Recipes: Low-Level Interfaces

Numerous methods are available to access and manipulate PDF files on a fairly low level. Admittedly, a clear distinction between “low level” and “normal” functionality is not always possible or subject to personal taste.

It also may happen, that functionality previously deemed low-level is later on assessed as being part of the normal interface. This has happened in v1.14.0 for the class Tools - you now find it as an item in the Classes chapter.

It is a matter of documentation only in which chapter of the documentation you find what you are looking for. Everything is available and always via the same interface.


How to Iterate through the xref Table

A PDF’s xref table is a list of all objects defined in the file. This table may easily contain many thousands of entries – the manual Adobe PDF References for example has 127,000 objects. Table entry “0” is reserved and must not be touched. The following script loops through the xref table and prints each object’s definition:

>>> xreflen = doc.xref_length()  # length of objects table
>>> for xref in range(1, xreflen):  # skip item 0!
        print("")
        print("object %i (stream: %s)" % (xref, doc.is_stream(xref)))
        print(doc.xref_object(i, compressed=False))
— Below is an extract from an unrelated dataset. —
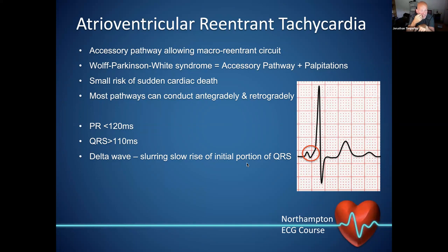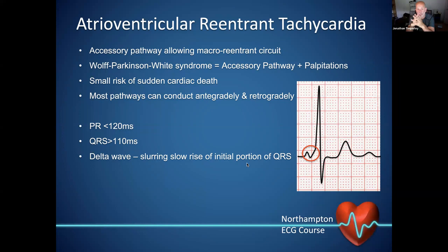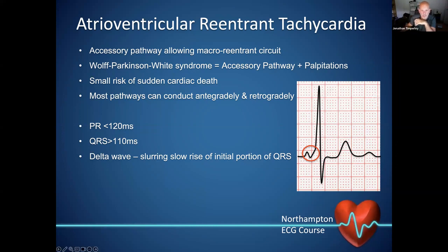Most accessory pathways can conduct both antegradely and retrogradely. It's quite uncommon to get an antegrade-only or retrograde-only pathway. On the resting ECG, we look for a PR interval less than 120 milliseconds going to the nearest deflection after the P wave, and a QRS duration generally greater than 110 milliseconds with an overt delta wave. In this example we have a short PR interval of around 80 milliseconds, a delta wave, and then — after normal AV node conduction takes over — a QRS that looks relatively normal.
This produces the following output:

object 1 (stream: False)
<<
    /ModDate (D:20170314122233-04'00')
    /PXCViewerInfo (PDF-XChange Viewer;2.5.312.1;Feb  9 2015;12:00:06;D:20170314122233-04'00')
>>

object 2 (stream: False)
<<
    /Type /Catalog
    /Pages 3 0 R
>>

object 3 (stream: False)
<<
    /Kids [ 4 0 R 5 0 R ]
    /Type /Pages
    /Count 2
>>

object 4 (stream: False)
<<
    /Type /Page
    /Annots [ 6 0 R ]
    /Parent 3 0 R
    /Contents 7 0 R
    /MediaBox [ 0 0 595 842 ]
    /Resources 8 0 R
>>
...
object 7 (stream: True)
<<
    /Length 494
    /Filter /FlateDecode
>>
...

A PDF object definition is an ordinary ASCII string.


How to Handle Object Streams

Some object types contain additional data apart from their object definition. Examples are images, fonts, embedded files or commands describing the appearance of a page.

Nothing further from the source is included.